Records excerpted from a collection:
-=-=-

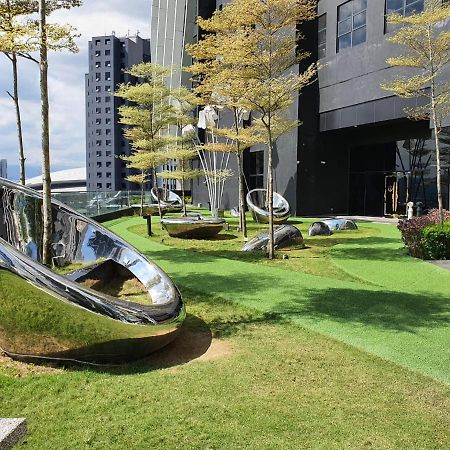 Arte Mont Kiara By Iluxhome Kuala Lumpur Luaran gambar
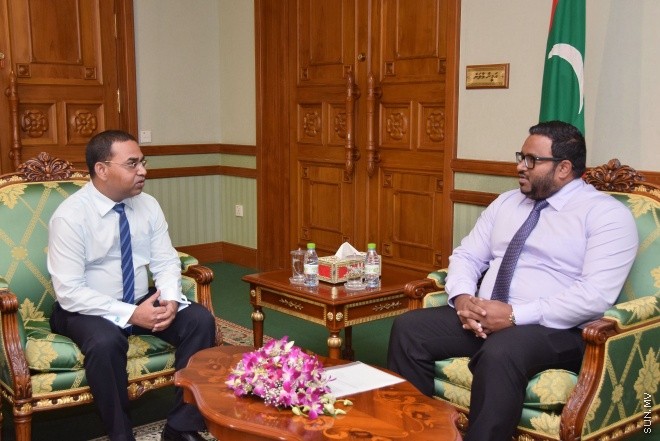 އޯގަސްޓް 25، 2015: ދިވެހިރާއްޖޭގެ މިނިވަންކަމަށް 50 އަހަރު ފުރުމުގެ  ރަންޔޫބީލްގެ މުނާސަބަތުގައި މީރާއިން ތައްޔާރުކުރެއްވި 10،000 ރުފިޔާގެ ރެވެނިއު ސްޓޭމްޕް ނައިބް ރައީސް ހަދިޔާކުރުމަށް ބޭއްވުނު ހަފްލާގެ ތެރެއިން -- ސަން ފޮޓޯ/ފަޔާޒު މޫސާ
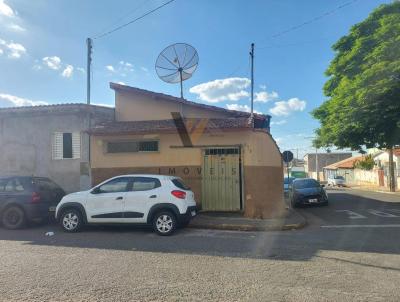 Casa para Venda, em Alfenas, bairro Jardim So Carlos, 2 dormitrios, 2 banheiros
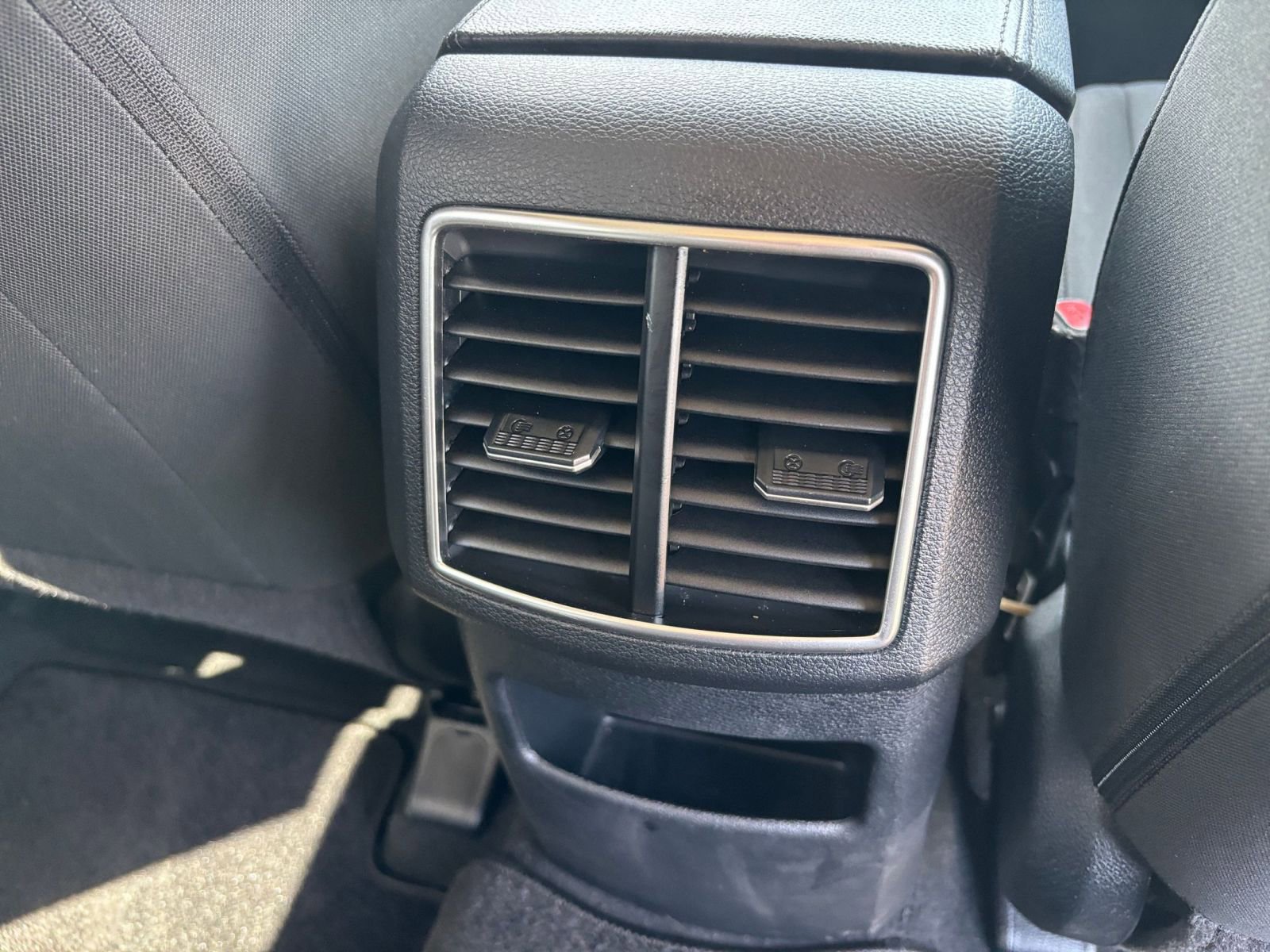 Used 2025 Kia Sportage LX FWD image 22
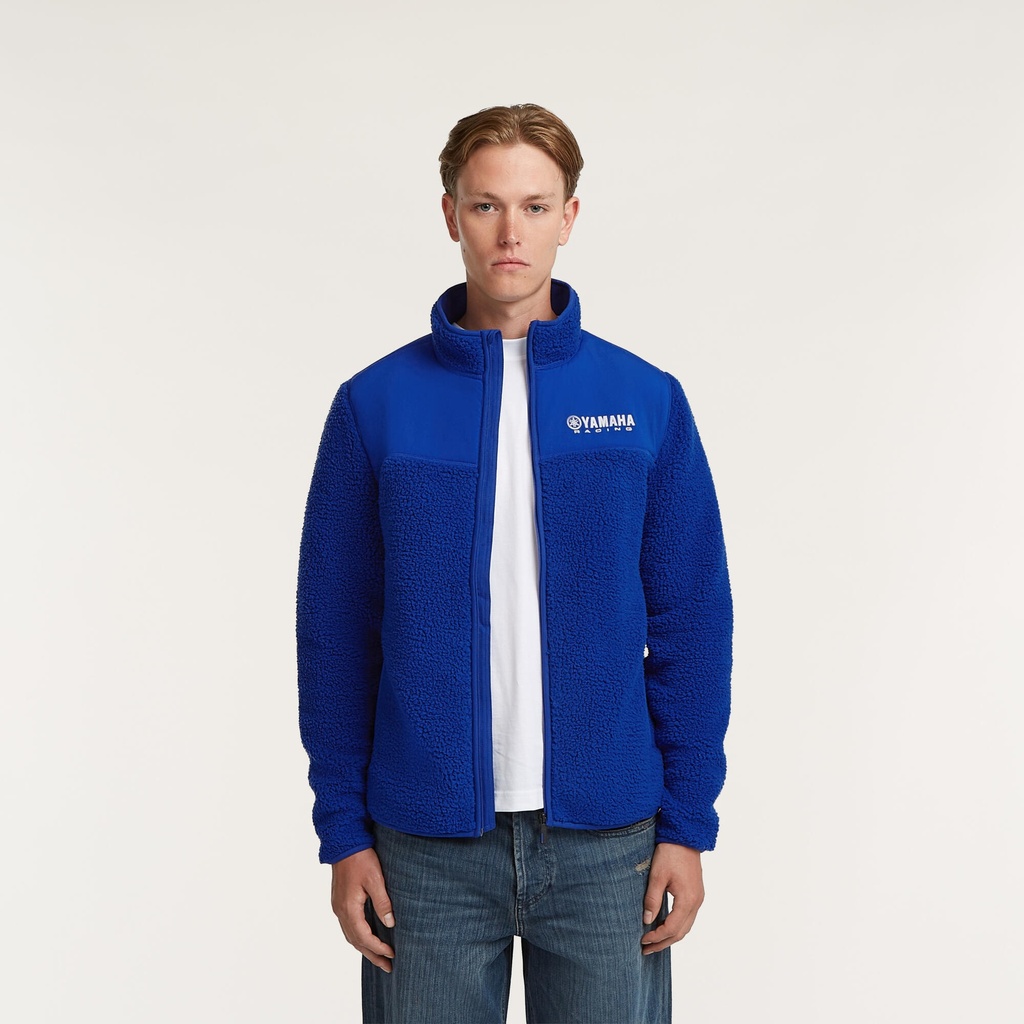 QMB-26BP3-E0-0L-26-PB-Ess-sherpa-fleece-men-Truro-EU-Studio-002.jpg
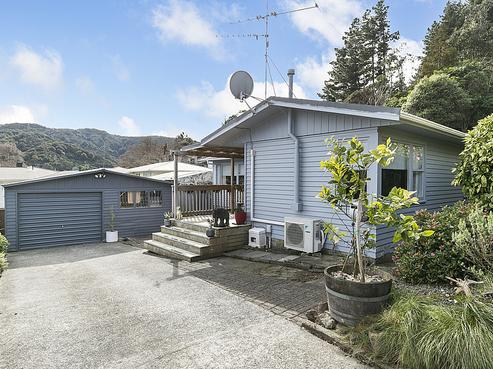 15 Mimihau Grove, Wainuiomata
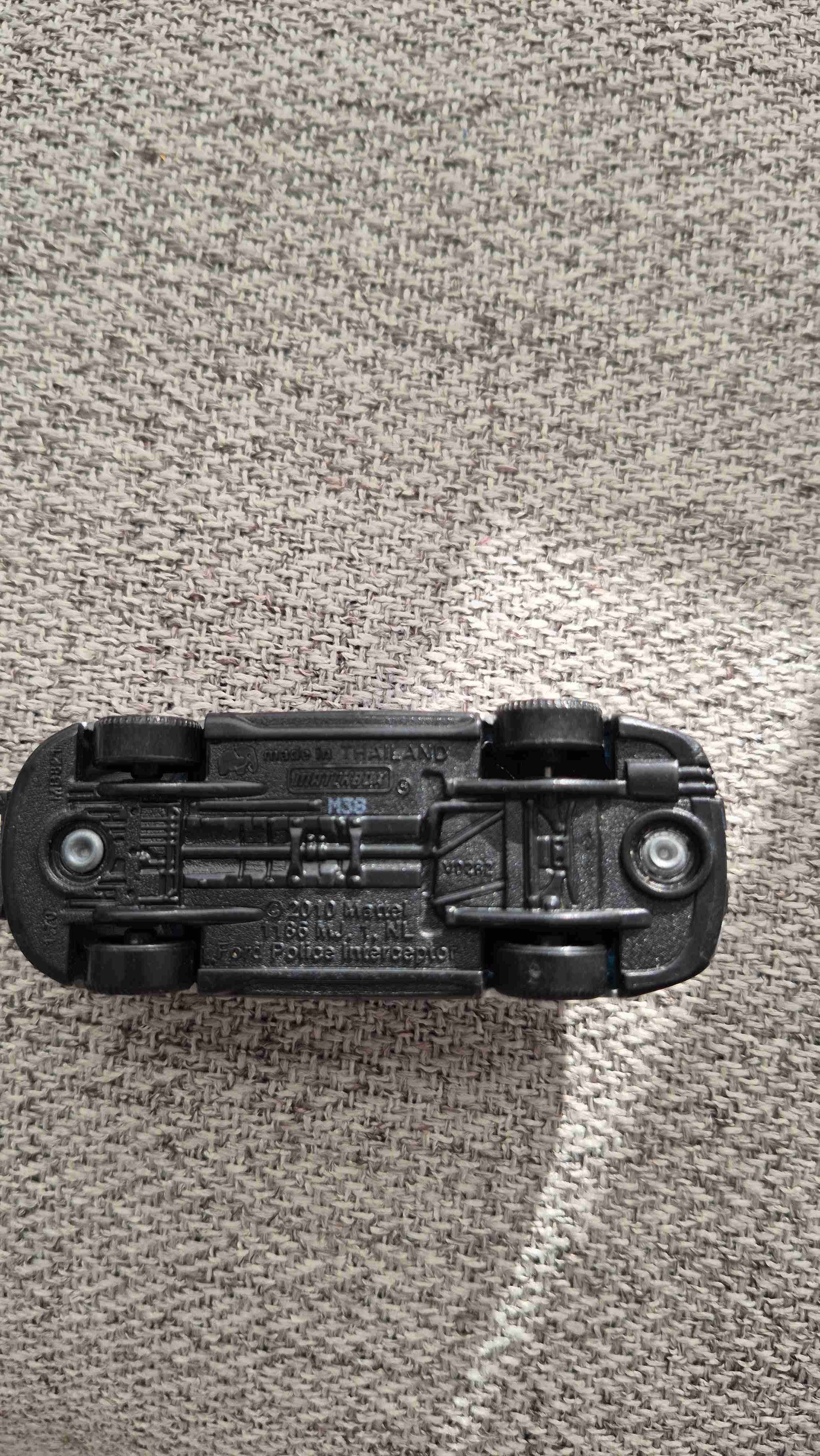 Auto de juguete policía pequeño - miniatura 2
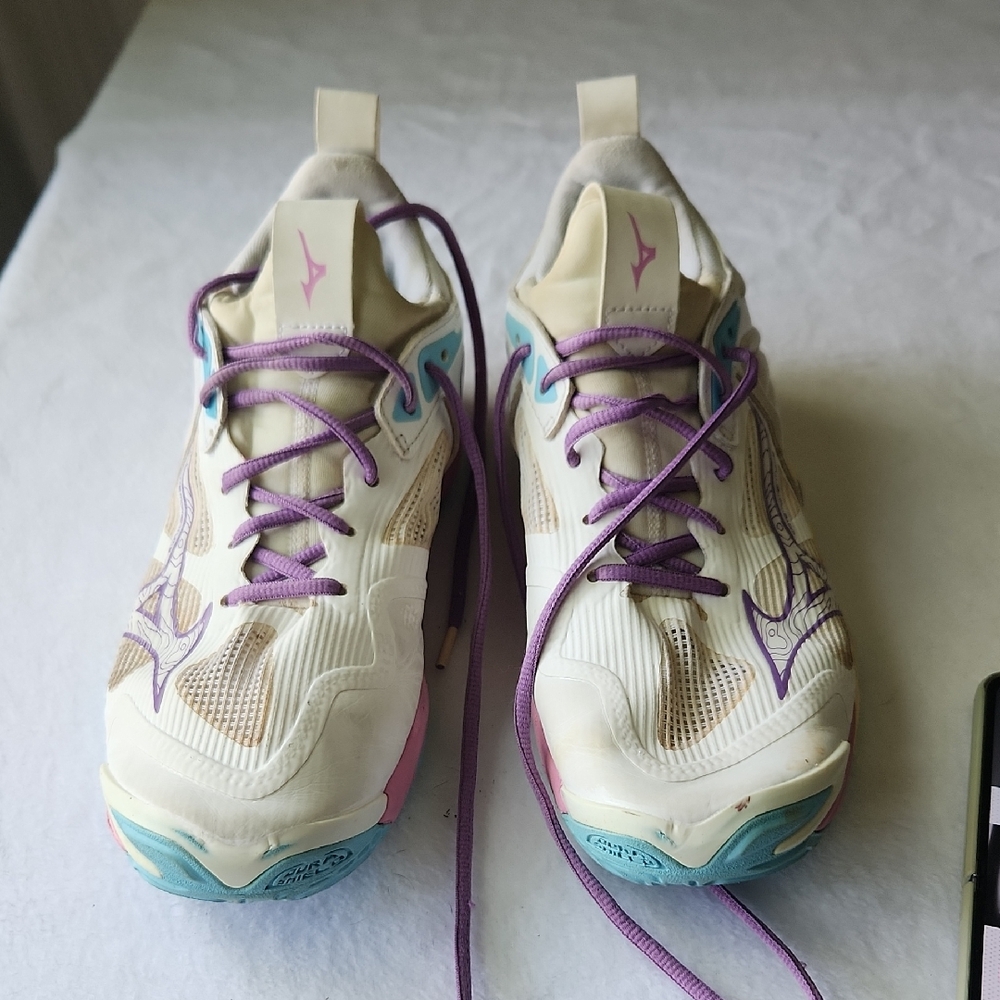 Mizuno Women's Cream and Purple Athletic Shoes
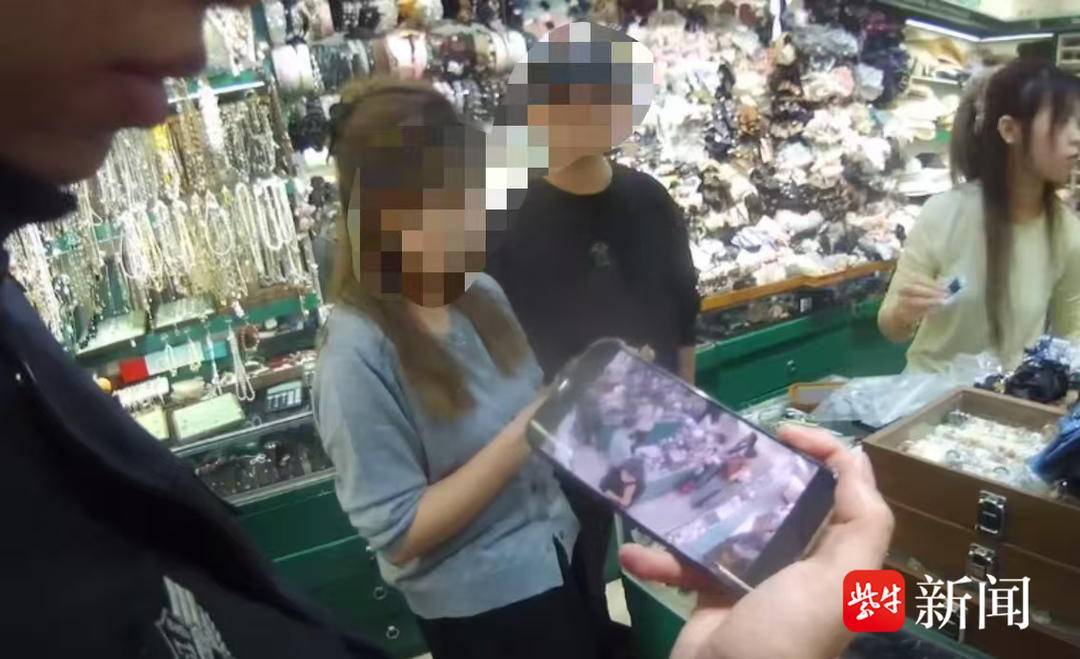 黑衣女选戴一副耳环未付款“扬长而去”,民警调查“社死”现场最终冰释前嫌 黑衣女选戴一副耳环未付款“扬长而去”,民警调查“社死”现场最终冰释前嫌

-=-=-

▶ WORK TO BE COMPLETED:
Please set down the data above exactly as given, leaving every picture out.

▶ RESULT OF THE TASK:
 Arte Mont Kiara By Iluxhome Kuala Lumpur Luaran gambar
 އޯގަސްޓް 25، 2015: ދިވެހިރާއްޖޭގެ މިނިވަންކަމަށް 50 އަހަރު ފުރުމުގެ  ރަންޔޫބީލްގެ މުނާސަބަތުގައި މީރާއިން ތައްޔާރުކުރެއްވި 10،000 ރުފިޔާގެ ރެވެނިއު ސްޓޭމްޕް ނައިބް ރައީސް ހަދިޔާކުރުމަށް ބޭއްވުނު ހަފްލާގެ ތެރެއިން -- ސަން ފޮޓޯ/ފަޔާޒު މޫސާ
 Casa para Venda, em Alfenas, bairro Jardim So Carlos, 2 dormitrios, 2 banheiros
 Used 2025 Kia Sportage LX FWD image 22
 QMB-26BP3-E0-0L-26-PB-Ess-sherpa-fleece-men-Truro-EU-Studio-002.jpg
 15 Mimihau Grove, Wainuiomata
 Auto de juguete policía pequeño - miniatura 2
 Mizuno Women's Cream and Purple Athletic Shoes
 黑衣女选戴一副耳环未付款“扬长而去”,民警调查“社死”现场最终冰释前嫌 黑衣女选戴一副耳环未付款“扬长而去”,民警调查“社死”现场最终冰释前嫌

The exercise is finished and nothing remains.